Llegan estas fechas en la encrucijada de un año que termina y de otro que comienza. Hacemos los acostumbrados ritos que hemos heredado con el desenfado de unas uvas que engullimos a trancas y barrancas, a ritmo de campanadas cerrando los doce meses que así dulcemente terminan. Peor lo tienen en Italia, que celebran el trasiego comiendo lentejas en la última cena del año. Y, más allá de los ritos y costumbrismos del momento, lo cierto es que nos esforzamos por estrenar algo que realmente pueda sonar a nuevo, que pueda ser renovado de alguna manera.
Pero luego nos topamos con una realidad que es más terca que nuestros buenos deseos, y nos venimos a convencer que la vida no cambia por unas uvas o unas lentejas tomadas con solemne y casa supersticiosa devoción. Todo nos espera entrando en enero, prácticamente igual que lo dejamos cuando lo despedimos terminando diciembre. Pero hay algo que es sincero y verdadero: el deseo de un cambio, de un estreno, de pasar hoja a lo que meses atrás nos señala como que hubiera sido mejorable en tantos sentidos, en tantas relaciones, en todos los climas y los meses.

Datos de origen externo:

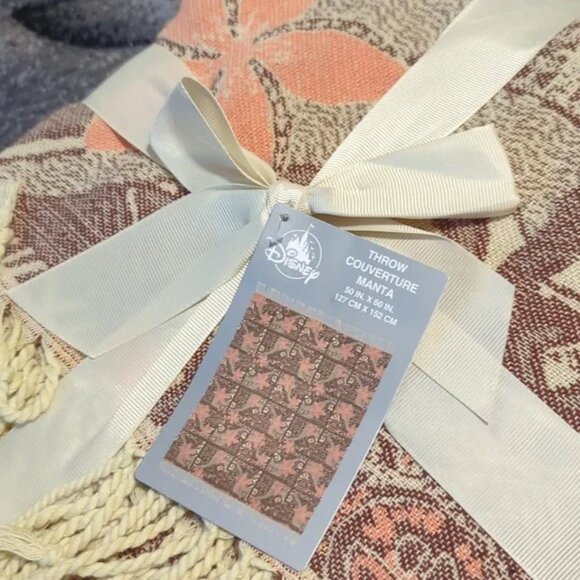 Disney Parks Moana Spotlight Kakamora Waves Flowers Throw brand new - Picture 12 of 16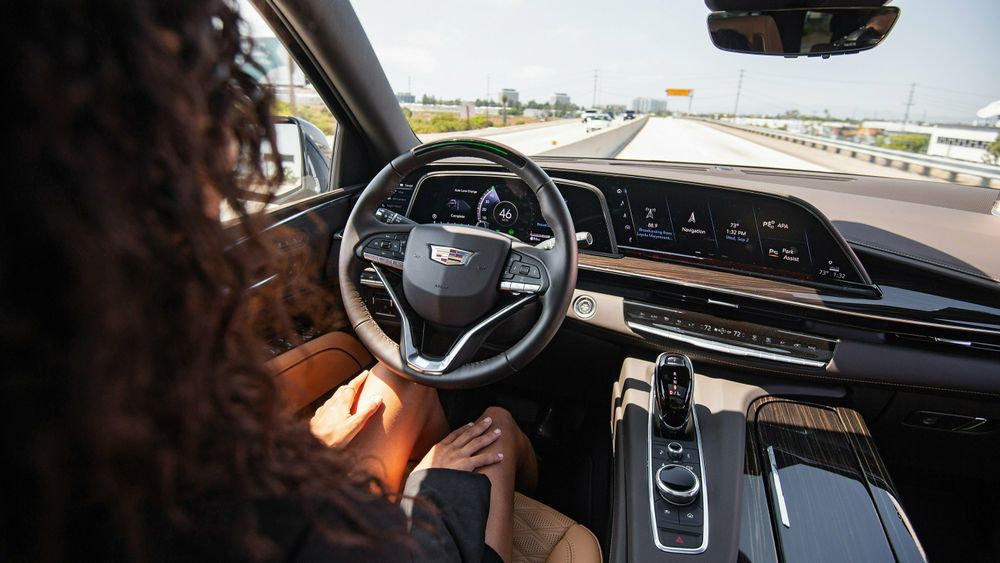 Escalade og de andre Cadillac-modellene skal nå alle utstyres med «autonomi»-systemet Super Cruise, som topper i Consumer Reports undersøkelse.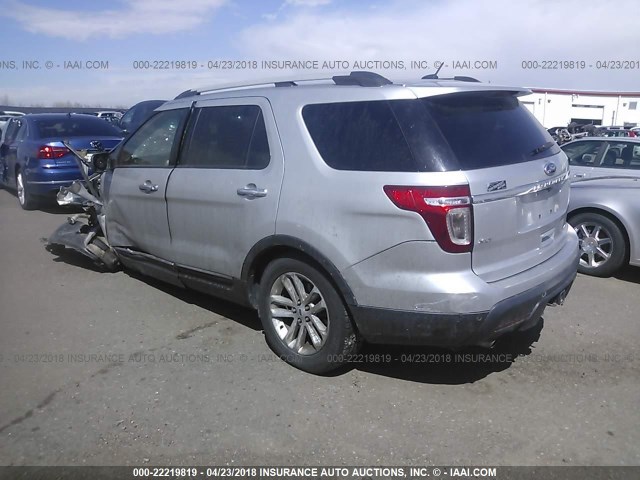 1FMHK7D87CGA24132 - 2012 FORD EXPLORER XLT SILVER photo 3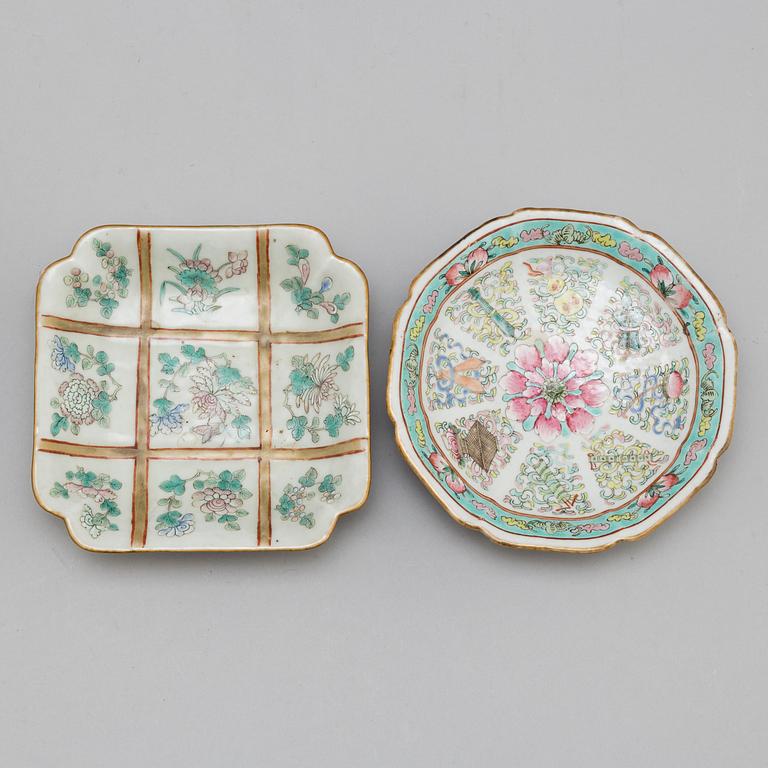 Two plates and a tureen, porcelain, China, Qing dynasty, later part of the 19th century.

Me viene a la memoria lo que decía una célebre pintada en las paredes de la Universidad Sorbona de París durante la revolución de mayo de 1968: “sed realistas: pedid lo imposible”. Si no hubiera un indómito deseo en lo más noble de nosotros que nos hace aspirar a ese mundo mejor que no logran amasar nuestras manos, jamás pediríamos lo imposible, sino que nos resignaríamos a lo que hay, a lo que nos imponen, a lo que nos compra-venden. Y, sin embargo, los únicos realistas, los únicos que verdaderamente viven la más legítima revolución, son los que no aceptan que las cosas sean así porque sí, porque se den, porque su propia inercia así nos las asigna.

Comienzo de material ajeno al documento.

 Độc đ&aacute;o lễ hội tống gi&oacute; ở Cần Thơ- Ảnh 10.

Dios ha venido para romper esa inercia fatal que nos permita volver a empezar. La Navidad no es sólo la historia lejana de algo que sucedió hace muchos siglos, sino la narración de algo que sigue sucediendo en nosotros y entre nosotros. Que Dios es cercano, que no es enemigo y desea nuestro bien. Él ha venido para abrazar las preguntas que cada uno tiene en su corazón, preguntas tantas veces disimuladas, trucadas o censuradas, pero que siguen desafiando nuestra propia felicidad. Por esta razón hacemos fiesta, engalanamos calles, y nos disponemos al sincero afecto y a la verdadera paz.
Y así también, un rito como este de estrenar el nuevo año, tiene sin duda alguna un trasfondo más amplio que desborda propiamente una fecha redonda como el primero de enero. Porque nuestro corazón, no sólo en este día, sino siempre, tiene una sed infinita de estrenar una felicidad para la que ha sido creado. Por eso nos encontramos y reconocemos siempre que hay una ocasión para volver a recordar esta verdad profunda de nuestro hondón más verdadero que palpita en las entretelas del alma.

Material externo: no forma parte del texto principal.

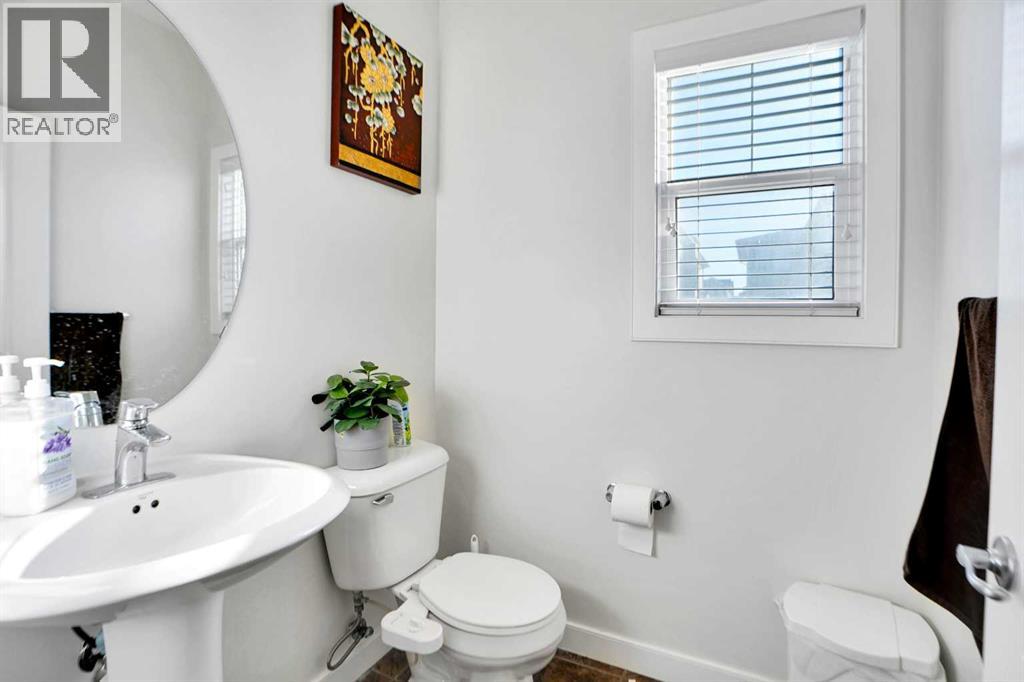 59 Redstone Park Ne, Calgary, Alberta  T3N 0K1 - Photo 7 - A2263646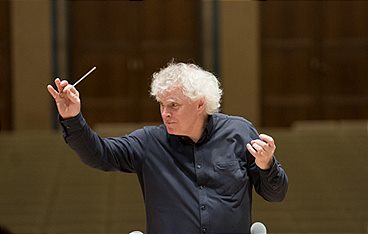 Simon Rattle dirigiert Mahlers Zweite in der Elbphilharmonie
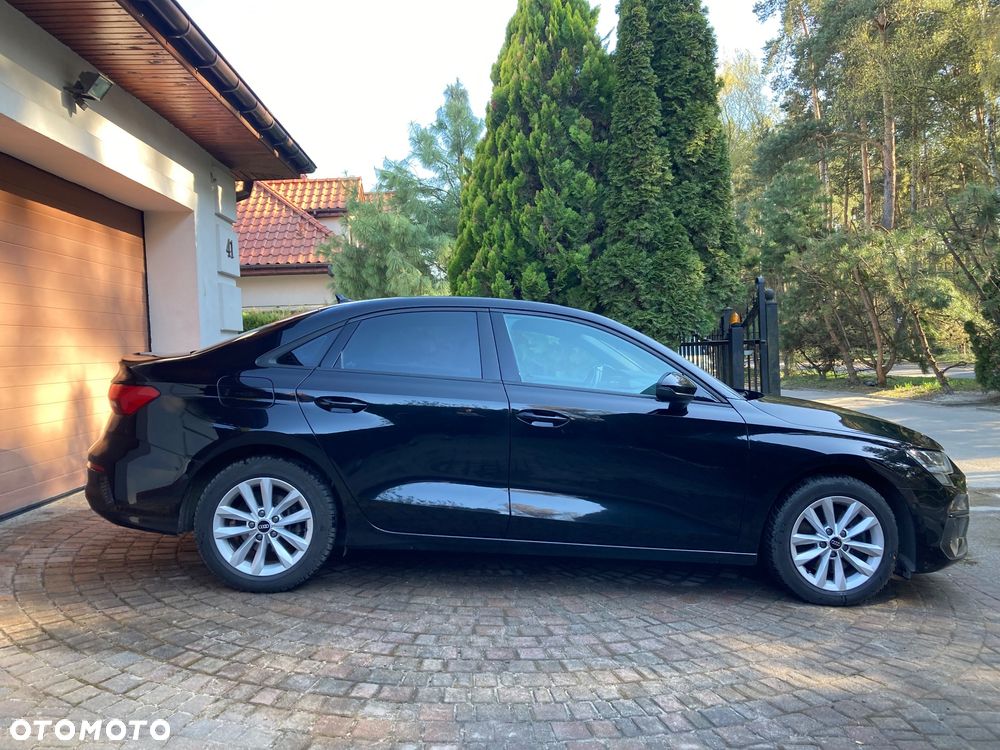 Audi A3 Limousine 35 TFSI Sport S tronic - 2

En este nuevo año 2022 os deseo a todos vosotros, que podáis experimentar en vuestra propia vida el fruto del nacimiento de ese príncipe de la Paz que se hizo niño para nuestra salvación. Dejemos crecer a ese divino niño en nosotros y entre nosotros: que la Navidad no sea de quita y pon, sino que continúe como luz durante todo el año. Y que Santa María, nos ayude a todos a hacer lo que el Señor nos diga –como fue su propia historia de fidelidad para con Dios–, que nos empuje a percatarnos del vino que le falta a la humanidad en las bodas de la vida –como ella hizo en Caná–, que nos abra al reconocimiento de Jesús en su Eucaristía como el pan adecuado para todas nuestras hambres a fin de poder hallarle también en todas sus demás presencias, particularmente en los distintos rostros de pobreza de nuestros hermanos. Paz y Bien. Feliz año nuevo.